Trata-se, entretanto, de uma solução inócua porque as sanções econômicas e financeiras não farão a Rússia abandonar seu propósito de fazer com que seus objetivos se imponham na Ucrânia, isto é, a derrubada do governo ucraniano, o esmagamento das forças neonazistas lá existentes, o reconhecimento das repúblicas populares de Donetsk e Luhansk e, sobretudo, impedir que a Ucrânia se incorpore à OTAN. No entanto, a continuidade da guerra fará com que as sanções econômicas tenham potencial devastador para a economia da Rússia que podem levar, também, o mundo à recessão. Retaliações econômicas e financeiras devem ter consequências negativas para os próprios países que estão impondo as sanções e à economia global. A guerra na Ucrânia pode afetar o crescimento da economia mundial em 2022 graças ao impacto da inflação que poderá se elevar com a possibilidade de os preços do petróleo, gás natural e outras commodities crescerem vertiginosamente se houver a redução ou suspensão de seu suprimento pela Rússia. O aumento da inflação pode fazer com que os bancos centrais de todo o mundo elevem as taxas de juros. Com juros mais altos, a economia global tende a crescer menos. Há a possibilidade de uma recessão global ou mesmo depressão global que poderá ocorrer caso o conflito se generalize deixando a esfera restrita da Ucrânia e se espraiando pela Europa e pelo mundo.

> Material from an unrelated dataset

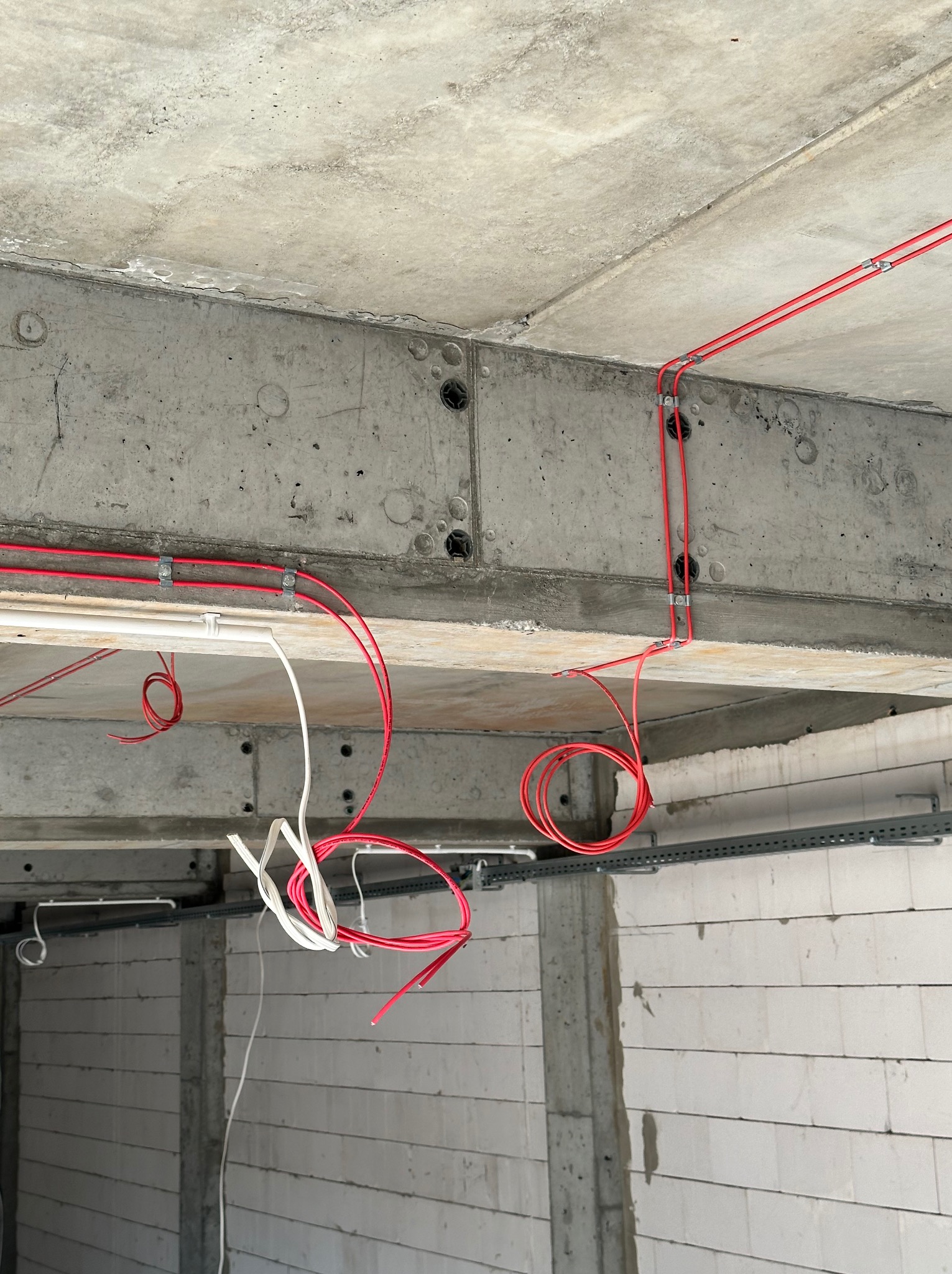 Czerwone i białe przewody elektryczne przymocowane do surowego betonowego sufitu za pomocą metalowych uchwytów, widok z dołu w trakcie prac instalacyjnych.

A adoção pelos Estados Unidos, União Europeia, Reino Unido e outros países de sanções econômicas e financeiras contra a Rússia com o propósito de asfixiar a economia russa sinaliza no sentido de que qualquer país do mundo que não se subordine às imposições das grandes potências capitalistas mundiais poderá sofrer as mesmas penalidades como as realizadas pela primeira vez na história contra a Rússia. Este episódio pode fazer com que cada nação reduza seu intercâmbio econômico e financeiro com o exterior e busque sua autossuficiência econômica para evitar que sofra as maléficas consequências da ação concertada das grandes potências ocidentais se o país não se dobrar a seus interesses. A autossuficiência econômica é a condição para que nenhuma nação seja asfixiada pelo poder das grandes potências ocidentais como ocorreu com a Rússia. Nessas circunstâncias, todos os países buscariam realizar o intercâmbio comercial com o resto do mundo sem se tornarem extremamente dependentes do exterior como ocorre atualmente com o processo de globalização econômica e financeira. Isto coloca em xeque o processo de globalização contemporânea inaugurado na década de 1990 que foi adotado para integrar os mercados mundiais e recebeu a adesão da maioria dos países do mundo, inclusive da Rússia e da China.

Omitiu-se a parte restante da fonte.